И. Северина: Когда делаешь обзор «Московской осени», всегда ищешь тенденции, направления эволюции музыкального языка. Но, кажется, на этот раз выделить какие-либо тренды практически невозможно. Появилось множество индивидуальных голосов, очень локальных стилей, мало поддающихся классификации; более того, иногда невозможно сделать обобщение даже по отношению к какой-либо персоне, потому что проекты очень разные.

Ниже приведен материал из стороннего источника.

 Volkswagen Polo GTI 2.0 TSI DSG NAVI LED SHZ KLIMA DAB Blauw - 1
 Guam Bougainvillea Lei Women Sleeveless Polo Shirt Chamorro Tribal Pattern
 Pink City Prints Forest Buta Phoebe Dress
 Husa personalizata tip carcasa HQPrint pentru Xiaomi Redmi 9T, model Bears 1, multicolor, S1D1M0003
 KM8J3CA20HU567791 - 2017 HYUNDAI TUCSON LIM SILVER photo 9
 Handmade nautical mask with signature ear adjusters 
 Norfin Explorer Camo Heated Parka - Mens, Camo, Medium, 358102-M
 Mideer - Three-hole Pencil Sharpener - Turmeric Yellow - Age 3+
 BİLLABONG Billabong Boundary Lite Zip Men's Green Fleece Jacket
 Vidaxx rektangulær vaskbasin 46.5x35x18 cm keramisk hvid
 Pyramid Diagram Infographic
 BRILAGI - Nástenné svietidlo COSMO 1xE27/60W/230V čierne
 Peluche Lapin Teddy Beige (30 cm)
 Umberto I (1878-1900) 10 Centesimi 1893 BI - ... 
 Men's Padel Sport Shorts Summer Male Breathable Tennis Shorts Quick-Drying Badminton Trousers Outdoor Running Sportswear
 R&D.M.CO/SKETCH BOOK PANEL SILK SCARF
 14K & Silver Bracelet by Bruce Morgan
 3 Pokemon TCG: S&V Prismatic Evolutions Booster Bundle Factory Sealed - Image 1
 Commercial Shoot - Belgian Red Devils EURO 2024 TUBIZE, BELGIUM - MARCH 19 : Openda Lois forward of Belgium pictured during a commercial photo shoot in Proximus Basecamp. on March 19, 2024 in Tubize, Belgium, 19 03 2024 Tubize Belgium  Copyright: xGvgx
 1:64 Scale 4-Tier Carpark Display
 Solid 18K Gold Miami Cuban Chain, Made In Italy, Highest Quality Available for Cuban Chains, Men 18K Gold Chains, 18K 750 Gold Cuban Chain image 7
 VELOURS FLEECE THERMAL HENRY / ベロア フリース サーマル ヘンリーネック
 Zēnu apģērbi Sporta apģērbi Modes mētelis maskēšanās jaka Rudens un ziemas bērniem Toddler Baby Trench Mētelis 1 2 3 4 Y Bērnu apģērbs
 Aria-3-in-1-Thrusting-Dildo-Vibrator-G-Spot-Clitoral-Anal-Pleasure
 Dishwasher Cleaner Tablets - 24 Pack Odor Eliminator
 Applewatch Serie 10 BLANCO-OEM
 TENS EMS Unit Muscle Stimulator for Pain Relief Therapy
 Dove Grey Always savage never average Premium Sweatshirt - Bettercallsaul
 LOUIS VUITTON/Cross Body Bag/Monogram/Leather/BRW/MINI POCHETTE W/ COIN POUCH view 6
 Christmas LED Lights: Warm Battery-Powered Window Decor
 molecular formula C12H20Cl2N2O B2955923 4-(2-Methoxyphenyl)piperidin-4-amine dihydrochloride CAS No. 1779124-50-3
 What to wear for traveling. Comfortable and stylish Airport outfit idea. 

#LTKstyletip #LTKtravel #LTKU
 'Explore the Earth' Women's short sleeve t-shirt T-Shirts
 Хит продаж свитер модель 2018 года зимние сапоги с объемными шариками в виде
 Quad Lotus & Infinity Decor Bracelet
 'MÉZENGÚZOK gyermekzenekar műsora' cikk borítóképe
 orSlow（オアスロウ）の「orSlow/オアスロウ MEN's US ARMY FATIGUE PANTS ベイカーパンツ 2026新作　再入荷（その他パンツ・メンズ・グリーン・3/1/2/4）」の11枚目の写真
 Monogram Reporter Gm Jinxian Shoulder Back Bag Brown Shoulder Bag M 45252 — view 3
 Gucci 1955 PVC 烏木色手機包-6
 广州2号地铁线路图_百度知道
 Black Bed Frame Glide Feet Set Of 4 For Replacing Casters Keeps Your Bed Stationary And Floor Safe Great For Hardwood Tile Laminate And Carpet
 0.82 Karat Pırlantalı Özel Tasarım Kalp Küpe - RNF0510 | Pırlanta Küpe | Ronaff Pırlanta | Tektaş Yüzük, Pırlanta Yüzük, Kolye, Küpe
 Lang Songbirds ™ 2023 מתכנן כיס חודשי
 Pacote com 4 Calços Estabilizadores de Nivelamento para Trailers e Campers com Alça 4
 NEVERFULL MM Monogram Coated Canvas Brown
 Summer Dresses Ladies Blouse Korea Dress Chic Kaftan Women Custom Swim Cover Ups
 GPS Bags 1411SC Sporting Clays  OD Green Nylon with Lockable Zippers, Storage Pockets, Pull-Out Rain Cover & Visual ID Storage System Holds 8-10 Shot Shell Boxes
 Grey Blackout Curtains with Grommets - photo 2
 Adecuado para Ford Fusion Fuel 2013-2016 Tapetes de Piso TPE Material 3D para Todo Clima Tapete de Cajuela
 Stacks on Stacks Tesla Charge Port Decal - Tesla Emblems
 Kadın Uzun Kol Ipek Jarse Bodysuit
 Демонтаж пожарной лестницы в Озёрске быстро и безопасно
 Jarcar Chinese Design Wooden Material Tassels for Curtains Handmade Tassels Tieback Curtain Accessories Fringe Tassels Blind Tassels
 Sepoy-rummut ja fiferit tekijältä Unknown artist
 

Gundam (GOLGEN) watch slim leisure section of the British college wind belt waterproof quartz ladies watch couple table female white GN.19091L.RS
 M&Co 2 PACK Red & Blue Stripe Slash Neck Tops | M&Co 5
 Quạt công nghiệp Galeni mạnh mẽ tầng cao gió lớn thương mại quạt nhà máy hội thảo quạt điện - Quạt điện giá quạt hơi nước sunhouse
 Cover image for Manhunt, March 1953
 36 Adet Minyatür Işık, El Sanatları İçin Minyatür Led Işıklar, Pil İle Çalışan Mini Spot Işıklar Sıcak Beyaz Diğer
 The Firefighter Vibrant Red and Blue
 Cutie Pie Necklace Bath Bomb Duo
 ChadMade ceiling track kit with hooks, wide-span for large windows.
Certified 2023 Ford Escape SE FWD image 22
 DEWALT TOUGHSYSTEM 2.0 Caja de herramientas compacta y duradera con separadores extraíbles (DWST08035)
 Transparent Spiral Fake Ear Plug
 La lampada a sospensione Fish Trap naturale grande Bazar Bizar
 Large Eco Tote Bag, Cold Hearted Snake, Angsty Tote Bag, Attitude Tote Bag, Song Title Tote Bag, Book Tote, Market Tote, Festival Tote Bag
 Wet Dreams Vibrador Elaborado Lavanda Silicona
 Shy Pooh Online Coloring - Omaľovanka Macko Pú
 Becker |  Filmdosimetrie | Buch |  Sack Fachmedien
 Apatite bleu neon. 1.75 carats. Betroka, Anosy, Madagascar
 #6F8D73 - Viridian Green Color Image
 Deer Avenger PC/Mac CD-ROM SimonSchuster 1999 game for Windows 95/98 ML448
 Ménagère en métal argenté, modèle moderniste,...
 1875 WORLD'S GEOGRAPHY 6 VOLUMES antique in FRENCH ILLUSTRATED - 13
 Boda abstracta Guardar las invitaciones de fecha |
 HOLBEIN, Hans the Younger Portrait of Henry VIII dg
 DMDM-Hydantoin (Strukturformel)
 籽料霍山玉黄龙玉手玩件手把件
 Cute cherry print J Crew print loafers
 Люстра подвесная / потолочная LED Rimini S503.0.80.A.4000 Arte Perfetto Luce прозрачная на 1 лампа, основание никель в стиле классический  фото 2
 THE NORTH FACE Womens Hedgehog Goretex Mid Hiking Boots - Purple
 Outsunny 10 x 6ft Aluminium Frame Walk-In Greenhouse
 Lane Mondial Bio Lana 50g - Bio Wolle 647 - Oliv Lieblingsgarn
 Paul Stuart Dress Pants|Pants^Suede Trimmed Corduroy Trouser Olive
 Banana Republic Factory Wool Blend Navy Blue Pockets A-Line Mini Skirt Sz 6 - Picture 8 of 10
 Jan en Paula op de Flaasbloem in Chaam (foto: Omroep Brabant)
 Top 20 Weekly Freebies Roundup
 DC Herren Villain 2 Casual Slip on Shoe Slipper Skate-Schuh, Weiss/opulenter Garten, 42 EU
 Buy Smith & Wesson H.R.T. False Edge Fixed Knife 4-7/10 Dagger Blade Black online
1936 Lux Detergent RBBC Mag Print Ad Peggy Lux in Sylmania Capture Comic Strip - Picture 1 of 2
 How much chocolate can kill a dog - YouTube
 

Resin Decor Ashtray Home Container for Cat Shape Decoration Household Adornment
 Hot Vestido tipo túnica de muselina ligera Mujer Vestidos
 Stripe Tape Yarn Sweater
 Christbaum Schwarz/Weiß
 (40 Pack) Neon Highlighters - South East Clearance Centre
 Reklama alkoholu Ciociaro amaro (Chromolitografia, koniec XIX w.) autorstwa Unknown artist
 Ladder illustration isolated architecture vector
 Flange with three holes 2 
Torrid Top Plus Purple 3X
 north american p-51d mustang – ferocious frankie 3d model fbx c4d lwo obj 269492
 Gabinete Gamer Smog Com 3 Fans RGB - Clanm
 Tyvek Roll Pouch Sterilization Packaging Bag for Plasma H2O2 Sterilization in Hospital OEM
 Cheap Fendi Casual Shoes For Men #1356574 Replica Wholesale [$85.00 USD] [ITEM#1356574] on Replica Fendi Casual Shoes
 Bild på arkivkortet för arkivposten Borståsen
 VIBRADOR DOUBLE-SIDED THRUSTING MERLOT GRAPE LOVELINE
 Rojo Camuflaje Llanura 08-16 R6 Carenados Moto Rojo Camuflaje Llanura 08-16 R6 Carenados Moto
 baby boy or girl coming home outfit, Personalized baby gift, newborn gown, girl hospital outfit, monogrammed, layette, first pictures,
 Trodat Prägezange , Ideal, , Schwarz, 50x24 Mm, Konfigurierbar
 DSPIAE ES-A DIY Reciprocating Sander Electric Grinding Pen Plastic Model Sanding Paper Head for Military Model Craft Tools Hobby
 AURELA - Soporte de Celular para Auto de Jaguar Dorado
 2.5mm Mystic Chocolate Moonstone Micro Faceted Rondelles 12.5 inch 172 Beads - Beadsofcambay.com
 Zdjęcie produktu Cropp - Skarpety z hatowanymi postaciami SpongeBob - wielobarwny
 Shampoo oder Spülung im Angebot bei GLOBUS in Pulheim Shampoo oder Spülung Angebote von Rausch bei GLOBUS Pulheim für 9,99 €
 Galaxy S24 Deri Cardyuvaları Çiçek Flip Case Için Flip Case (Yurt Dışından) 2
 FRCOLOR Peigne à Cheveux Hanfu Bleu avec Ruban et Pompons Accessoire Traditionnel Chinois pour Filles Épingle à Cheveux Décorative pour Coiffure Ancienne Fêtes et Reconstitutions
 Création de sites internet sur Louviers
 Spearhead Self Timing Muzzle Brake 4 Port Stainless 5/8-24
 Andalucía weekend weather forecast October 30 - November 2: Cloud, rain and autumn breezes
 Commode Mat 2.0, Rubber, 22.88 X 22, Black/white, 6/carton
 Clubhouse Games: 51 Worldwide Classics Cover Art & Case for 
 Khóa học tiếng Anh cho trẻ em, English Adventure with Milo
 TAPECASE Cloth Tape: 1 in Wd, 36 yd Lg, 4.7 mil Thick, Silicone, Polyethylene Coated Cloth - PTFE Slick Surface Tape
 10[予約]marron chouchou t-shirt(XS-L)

В. Рожновский: Я бы говорил не столько о тенденциях, сколько о группах авторов и сочинений, которые выстраиваются в своего рода спектр. С одной его стороны – традиция, корни, с другой – преобладание компонента новизны. В свою очередь, каждая группа характеризуется своим спектром образов и средств. Первая из них – произведения композиторов почтенного возраста и недавно ушедших авторов, опирающихся, прежде всего, на традицию. Старшее поколение вдруг демонстрирует ярчайшие всплески творческой активности, которые перекрывают достижения нашей молодежи. В траурном «Прелюде памяти Е.К. Голубева» Андрея Эшпая – ранимость, тонкость, сверхчуткость и вместе с тем сила духа, мужественность. В «In L’istesso tempo» Гии Канчели – связь глубоко личного и одновременно эпохального.

В. Валькова: На меня тоже очень мощное впечатление произвел Канчели, его интонационность в «In L’istesso tempo». Он умеет заново открывать знакомые интонации. Он культивирует динамические контрасты, что воспринимается как некий прорыв в другое измерение, в другой мир.

В. Рожновский: Кстати, есть у Гии Александровича произведение для виолончели «После плача» (исполненное Владимиром Тонхой в другом концерте). И вот мне кажется, что это название было бы подходящей ремаркой к «In L’istesso tempo». Очень сильное сочинение «Коля-Колюшка, ласковые песни» Владимира Рубина на стихи Николая Долуханяна. Удивил Алексей Муравлёв своим «Музыкальным приношением» – это очень глубокое, трагическое сочинение. Не могу не упомянуть и Салима Крымского – его Сонату для 4-х флейт. Если говорить о тех, кого уже нет среди нас, то ярчайшим впечатлением для меня стала Соната для трех скрипок и фортепиано Николая Корндорфа памяти И.Ф. Стравинского (как ни странно, автор не включил этот опус в основной список своих сочинений). Музыка совершенно потрясающая, причем по гамбургскому счету; многосоставная, объединяющая и авангардный экспрессионизм, и скоморошество, и язычество, цитаты и аллюзии из Стравинского – из «Истории солдата», «Петрушки». Она звучит невероятно современно и сегодня, спустя более чем четыре десятилетия! Думаю, что отчасти соната посвящена Стравинскому потому, что он был на Западе носителем русской идеи, а для Корндорфа оппозиция русского и западного искусства всегда имела особое значение.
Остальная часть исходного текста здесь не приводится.